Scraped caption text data

▽

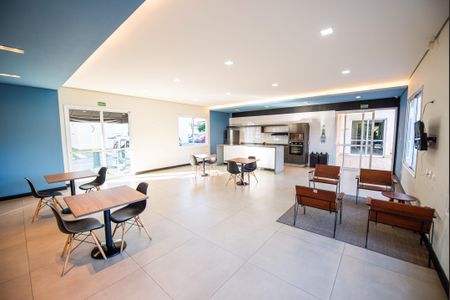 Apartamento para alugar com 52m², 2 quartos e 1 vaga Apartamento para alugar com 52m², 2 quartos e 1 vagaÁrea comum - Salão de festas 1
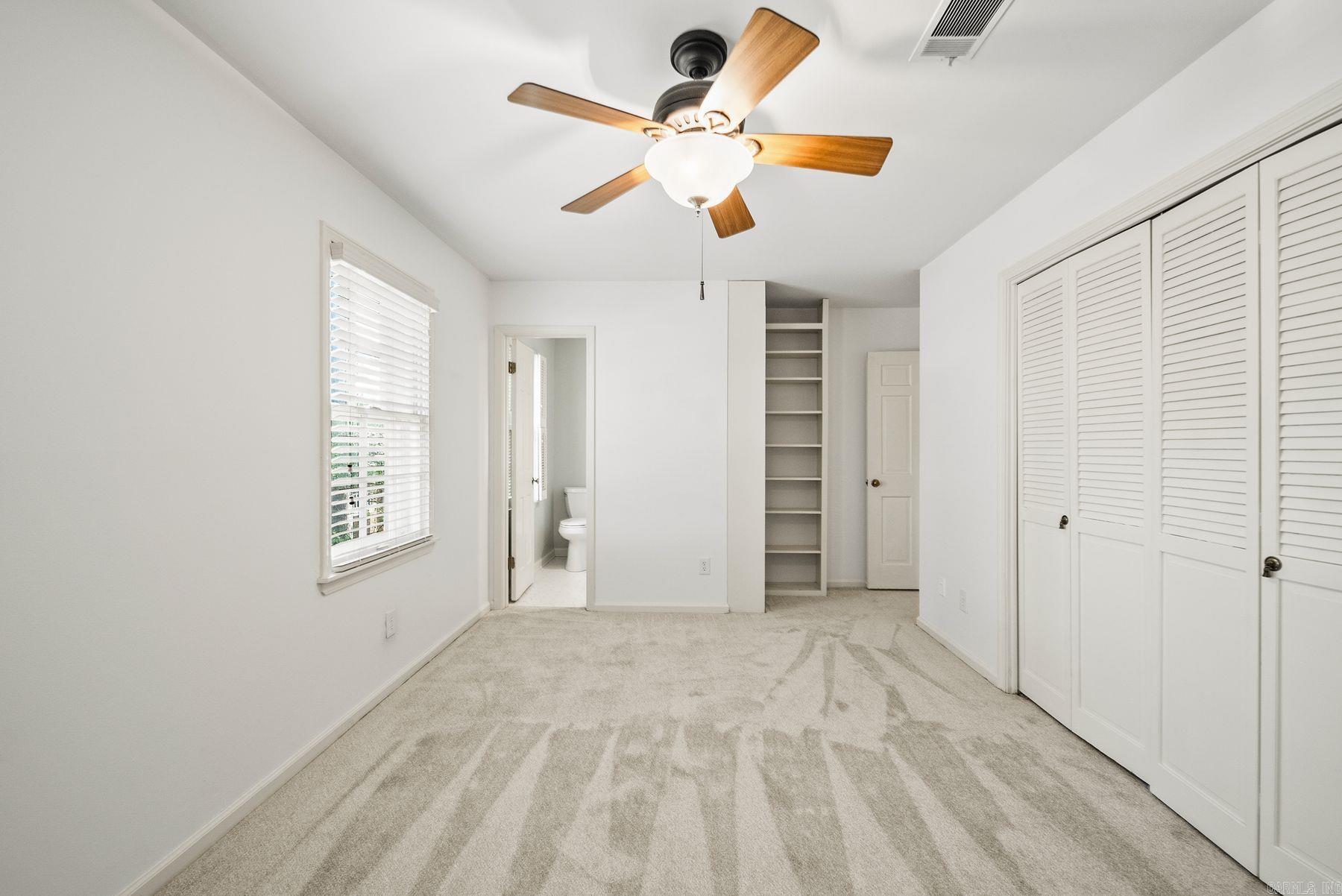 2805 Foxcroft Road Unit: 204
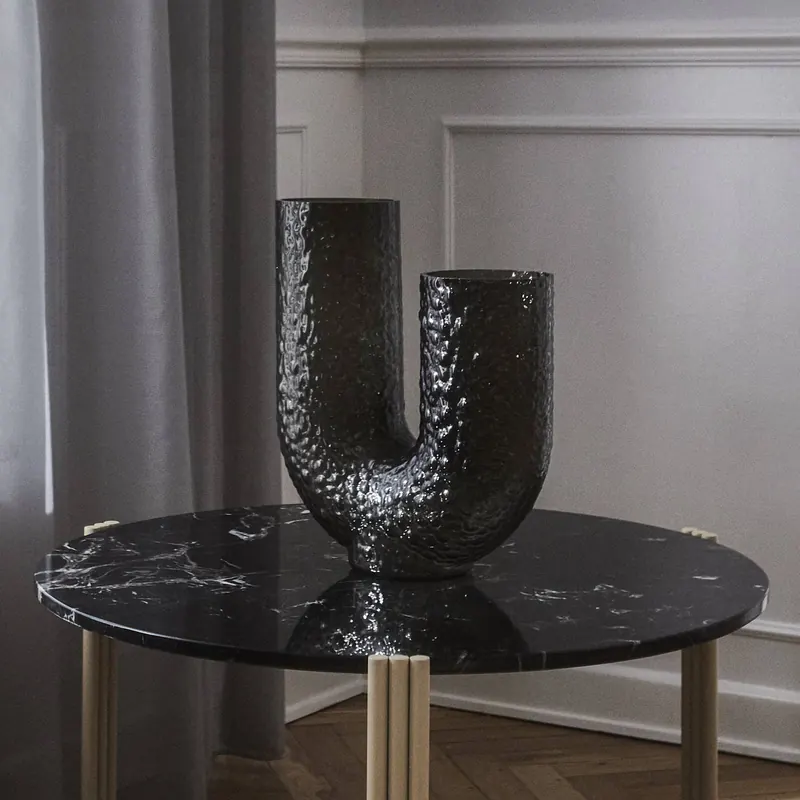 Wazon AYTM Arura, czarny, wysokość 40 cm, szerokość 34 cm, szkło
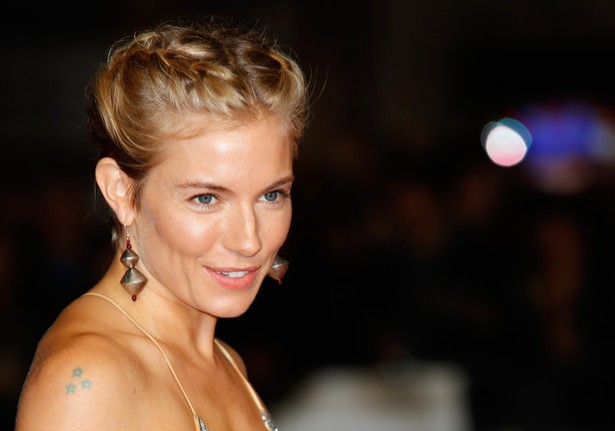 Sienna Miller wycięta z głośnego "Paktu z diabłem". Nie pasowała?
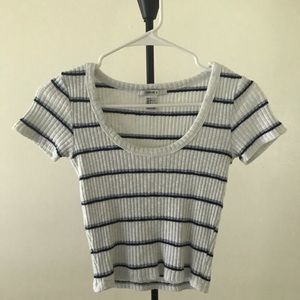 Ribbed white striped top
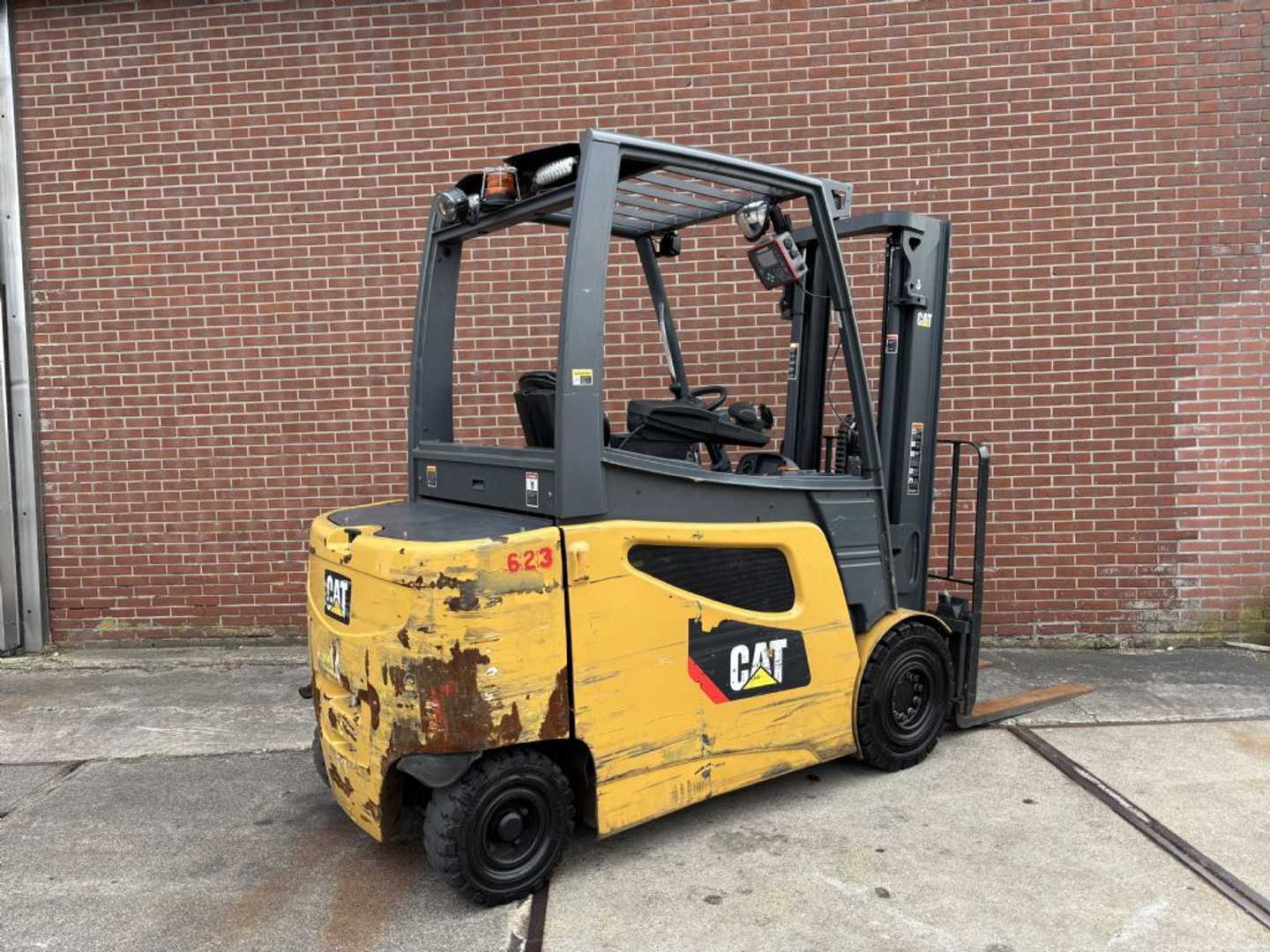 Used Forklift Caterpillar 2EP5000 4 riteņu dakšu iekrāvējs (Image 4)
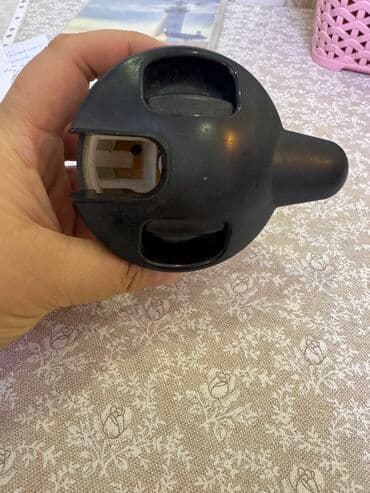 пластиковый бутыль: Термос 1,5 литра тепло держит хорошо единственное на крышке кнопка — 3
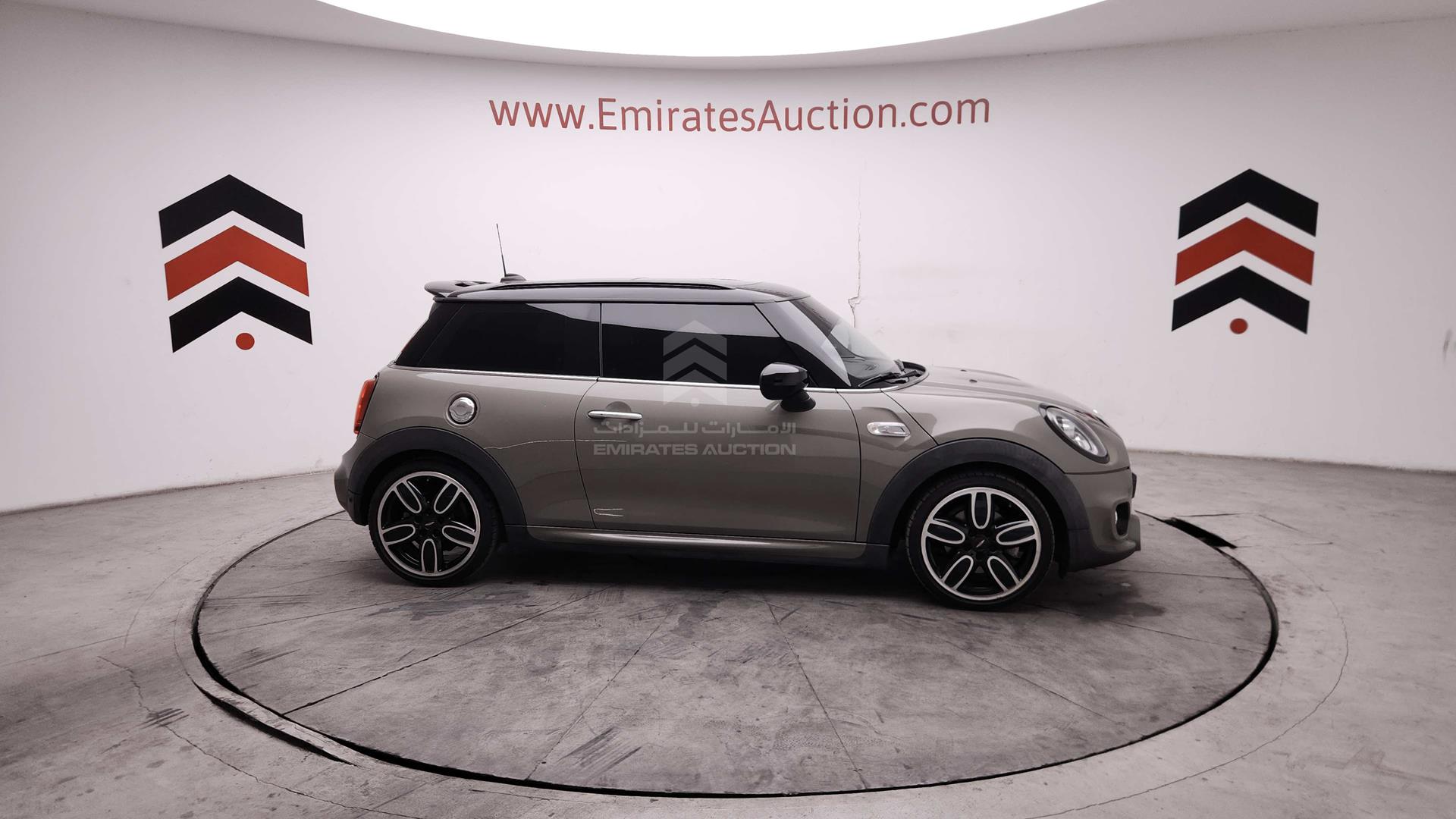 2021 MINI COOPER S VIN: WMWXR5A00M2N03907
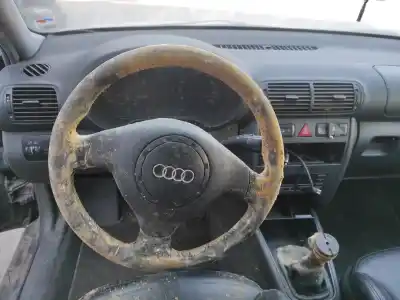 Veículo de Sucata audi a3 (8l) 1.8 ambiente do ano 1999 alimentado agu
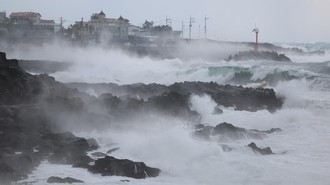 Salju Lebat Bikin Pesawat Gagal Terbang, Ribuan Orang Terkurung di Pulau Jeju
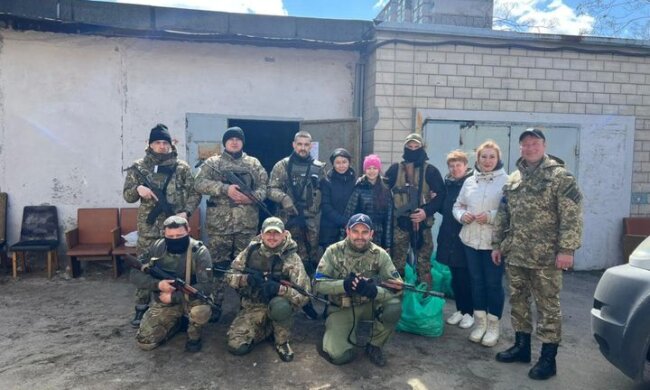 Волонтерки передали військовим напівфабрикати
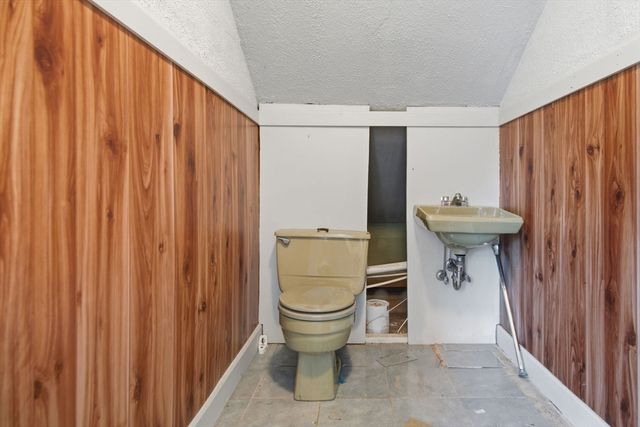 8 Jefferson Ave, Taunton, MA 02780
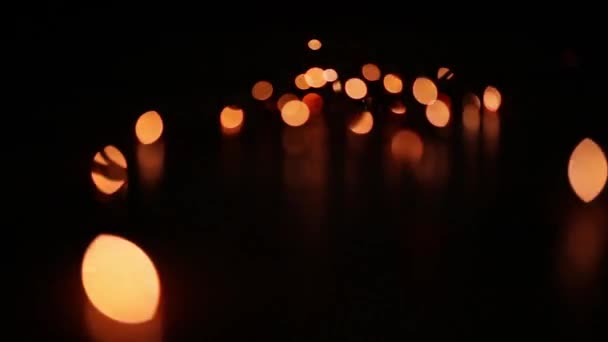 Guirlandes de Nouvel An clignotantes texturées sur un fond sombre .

△

▶ [Work instructions] When you transcribe the entries above, keep every word exact and leave out the pictures.

▶ [Result for this task]
 Apartamento para alugar com 52m², 2 quartos e 1 vaga Apartamento para alugar com 52m², 2 quartos e 1 vagaÁrea comum - Salão de festas 1
 2805 Foxcroft Road Unit: 204
 Wazon AYTM Arura, czarny, wysokość 40 cm, szerokość 34 cm, szkło
 Sienna Miller wycięta z głośnego "Paktu z diabłem". Nie pasowała?
 Ribbed white striped top
 Used Forklift Caterpillar 2EP5000 4 riteņu dakšu iekrāvējs (Image 4)
 пластиковый бутыль: Термос 1,5 литра тепло держит хорошо единственное на крышке кнопка — 3
 2021 MINI COOPER S VIN: WMWXR5A00M2N03907
 Veículo de Sucata audi a3 (8l) 1.8 ambiente do ano 1999 alimentado agu
 Salju Lebat Bikin Pesawat Gagal Terbang, Ribuan Orang Terkurung di Pulau Jeju
 Волонтерки передали військовим напівфабрикати
 8 Jefferson Ave, Taunton, MA 02780
 Guirlandes de Nouvel An clignotantes texturées sur un fond sombre .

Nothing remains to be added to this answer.